Set aside what you think you know about fly-fishing. This is not the country gentleman gracefully casting a line in some beautiful stream while searching for trout. This is Long Island fly-fishing.

“It’s so visual. You’re watching everything happen, even the things you don’t catch. You see the fish, present the fly and see what happens. It’s a neat little tête-à-tête,” says Derr, who earned his captain’s license in Florida in the 1990s and has been running fly-fishing charters out of Greenport from late spring through November for about 12 years.

In fly-fishing, anglers use an almost weightless lure, often made from materials like feathers and thread, called a “fly,” named for its insectlike appearance. Saltwater fly-fishing is a growing sport on Long Island, with a handful of captains like Derr running exclusive charters.

“It’s a great sport and it’s gained some popularity,” says Captain Vinny Catalano, who has been running fly-fishing charters for 15 years. “A lot of guys start just regular fishing, but then as they want to challenge themselves, they get into fly-fishing. It’s the hardest way to catch them, you’re playing the tough game.”

During the late spring Catalano takes clients out around the entire North Shore of Long Island, the North Fork and Montauk looking for striped bass in small flat boats that can go close to shore. Like Derr, as the waters warm up he switches to a bigger boat, fishing for striped bass, bluefish and albacore tuna farther offshore.

There’s not much you need to get started fly-fishing, except for some patience and perhaps the ability to not be embarrassed when you make a mistake. Both Derr and Catalano provide the gear: fly rods, spinning rods, flies, lures, etc., and offer half-day and full-day charters. Prices start at around $450 for a half day. The fall tends to be the more popular time for serious anglers and boat charters are booked quickly. In the flat skiffs, Derr and Catalano will take out a maximum of two anglers at a time and suggest that no more than three is best in the 23-foot boats used offshore.
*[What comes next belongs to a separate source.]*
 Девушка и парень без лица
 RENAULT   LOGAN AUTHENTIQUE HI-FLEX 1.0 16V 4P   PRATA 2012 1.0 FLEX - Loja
Most Long Island fly-fishing charters practice catch and release, the captains said.

For Derr and Catalano fly-fishing is more about the sport, the camaraderie that comes from chasing the fish, sharing in someone’s catch and the pure joy of being on the water. Each man has probably seen more sunrises than most, not to mention more sunfish, humpback whales and dolphins.

“It’s an office you can’t beat,” Catalano said.